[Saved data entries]
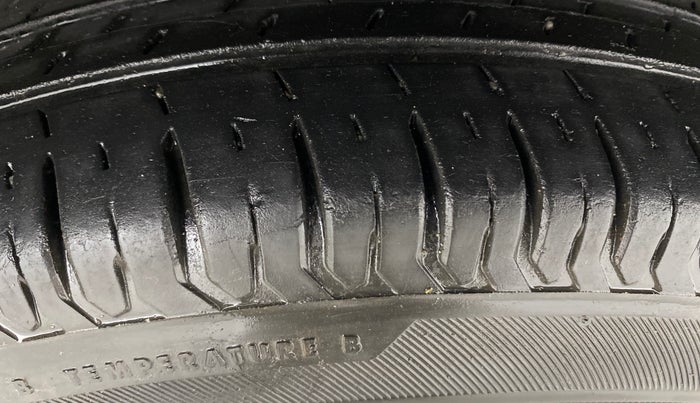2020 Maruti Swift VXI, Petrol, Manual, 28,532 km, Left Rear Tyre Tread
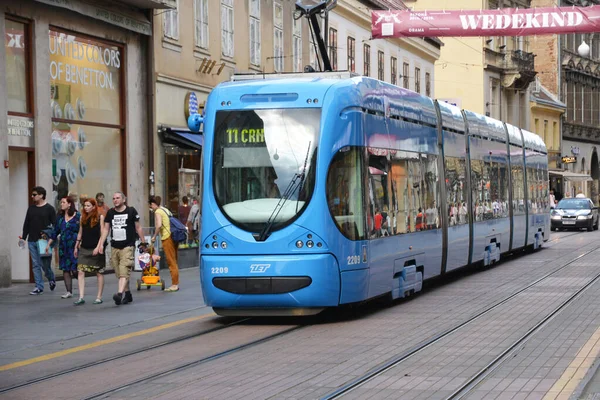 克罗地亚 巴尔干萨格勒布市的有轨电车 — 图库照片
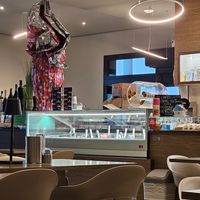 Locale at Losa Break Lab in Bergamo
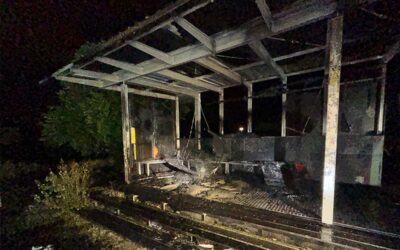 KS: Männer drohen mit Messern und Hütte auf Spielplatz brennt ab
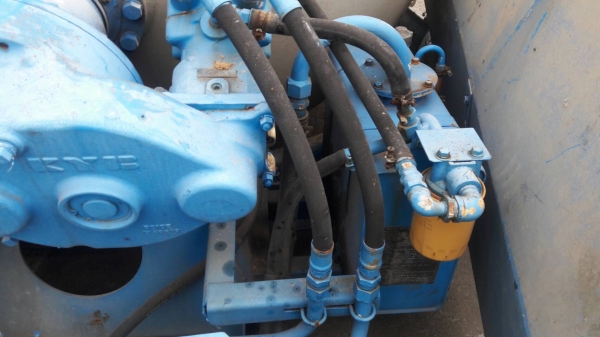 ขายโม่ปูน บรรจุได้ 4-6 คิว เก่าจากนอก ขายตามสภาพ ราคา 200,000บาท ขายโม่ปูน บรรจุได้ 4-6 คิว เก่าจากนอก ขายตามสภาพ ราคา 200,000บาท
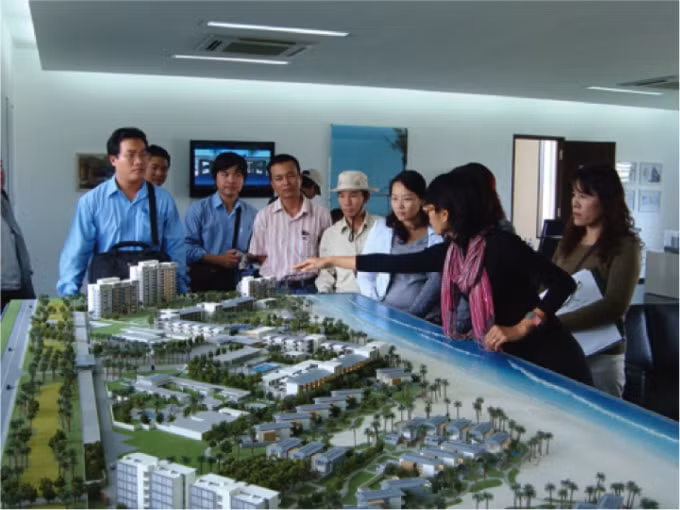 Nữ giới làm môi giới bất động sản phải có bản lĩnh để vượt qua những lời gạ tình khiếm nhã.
...
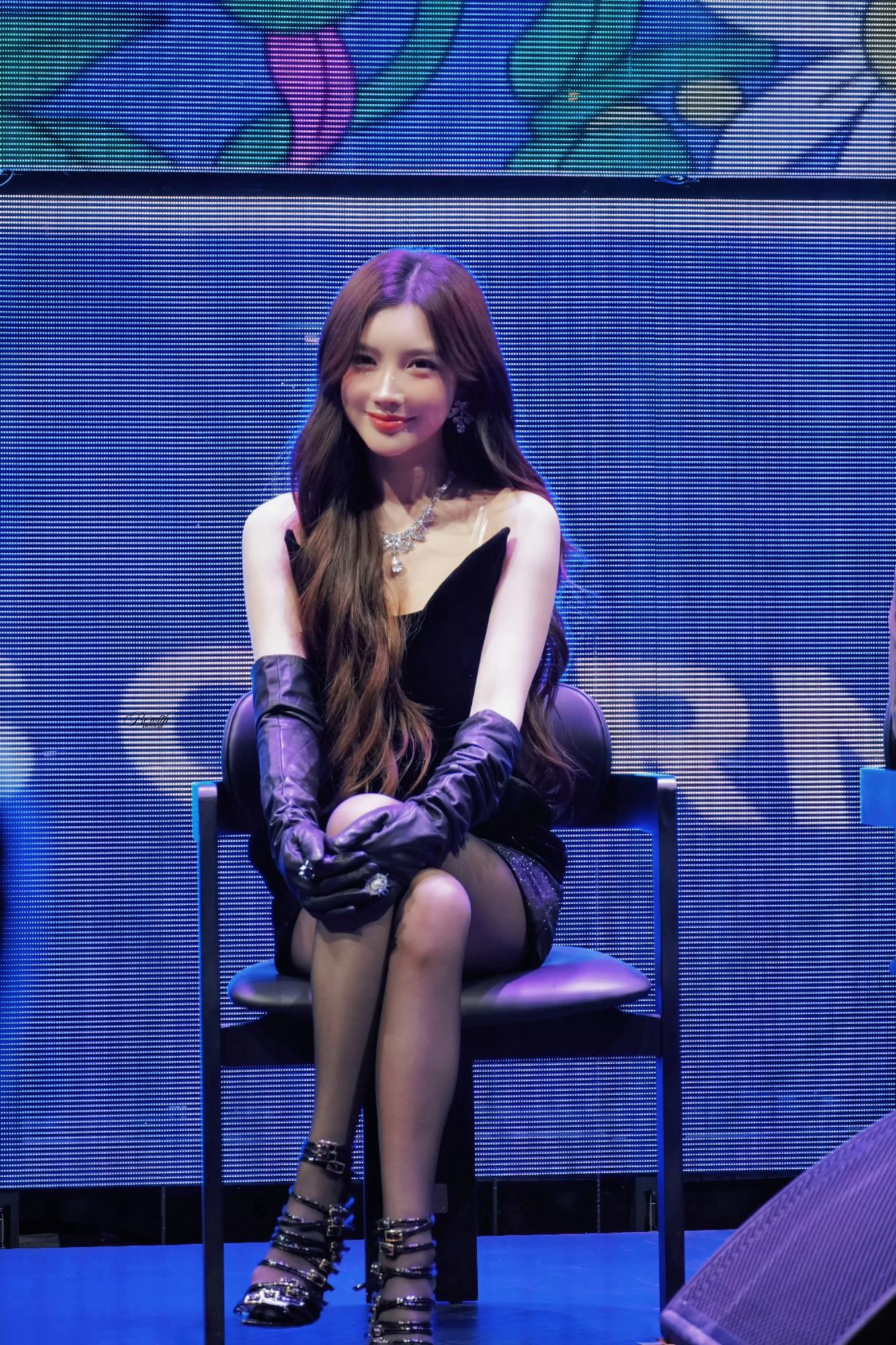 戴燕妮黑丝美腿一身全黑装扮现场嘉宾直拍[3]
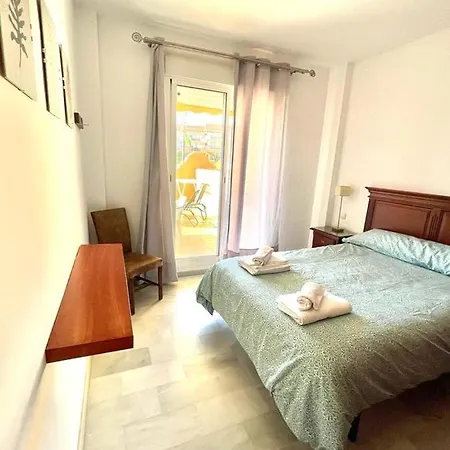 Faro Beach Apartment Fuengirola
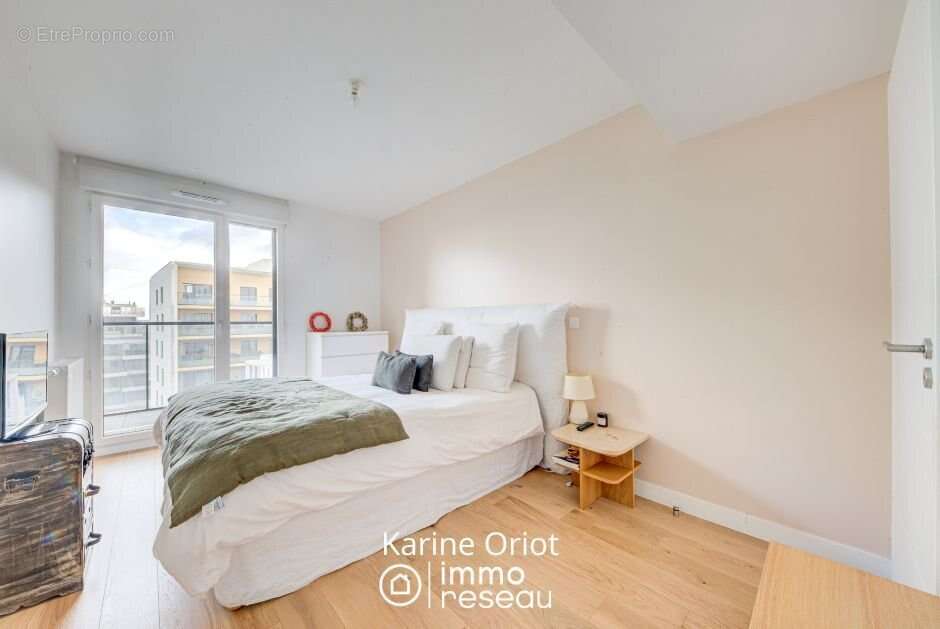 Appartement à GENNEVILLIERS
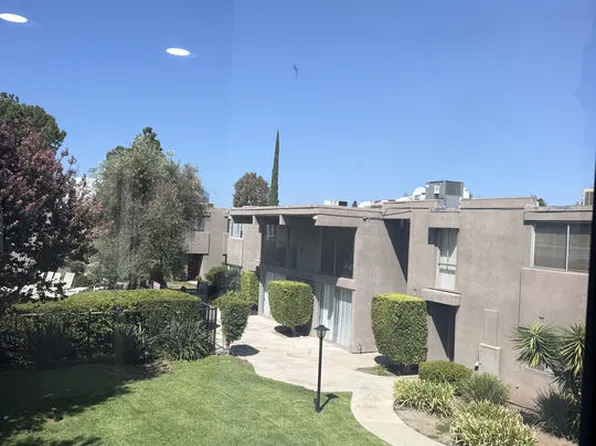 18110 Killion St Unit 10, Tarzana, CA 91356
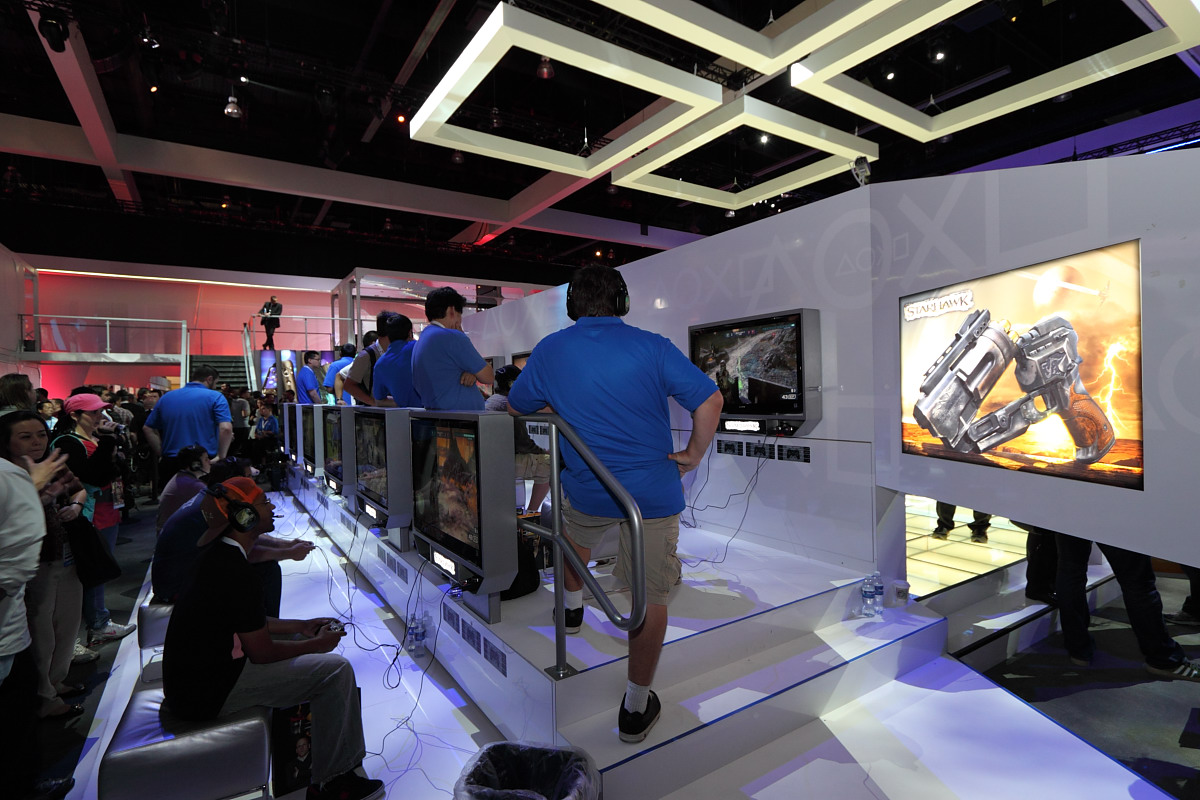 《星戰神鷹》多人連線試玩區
==
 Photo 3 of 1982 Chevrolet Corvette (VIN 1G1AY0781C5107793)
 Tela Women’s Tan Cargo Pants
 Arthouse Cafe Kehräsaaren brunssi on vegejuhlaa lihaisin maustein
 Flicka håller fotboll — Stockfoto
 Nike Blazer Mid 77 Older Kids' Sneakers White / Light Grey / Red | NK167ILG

§ EXERCISE REQUIREMENTS
Above are some entries. Restate word for word the lines from the one holding "2020 Maruti Swift" through the one holding "Nữ giới làm", but not the pictures.

§ YOUR RESPONSE
2020 Maruti Swift VXI, Petrol, Manual, 28,532 km, Left Rear Tyre Tread
 克罗地亚 巴尔干萨格勒布市的有轨电车 — 图库照片
 Locale at Losa Break Lab in Bergamo
 KS: Männer drohen mit Messern und Hütte auf Spielplatz brennt ab
 ขายโม่ปูน บรรจุได้ 4-6 คิว เก่าจากนอก ขายตามสภาพ ราคา 200,000บาท ขายโม่ปูน บรรจุได้ 4-6 คิว เก่าจากนอก ขายตามสภาพ ราคา 200,000บาท
 Nữ giới làm môi giới bất động sản phải có bản lĩnh để vượt qua những lời gạ tình khiếm nhã.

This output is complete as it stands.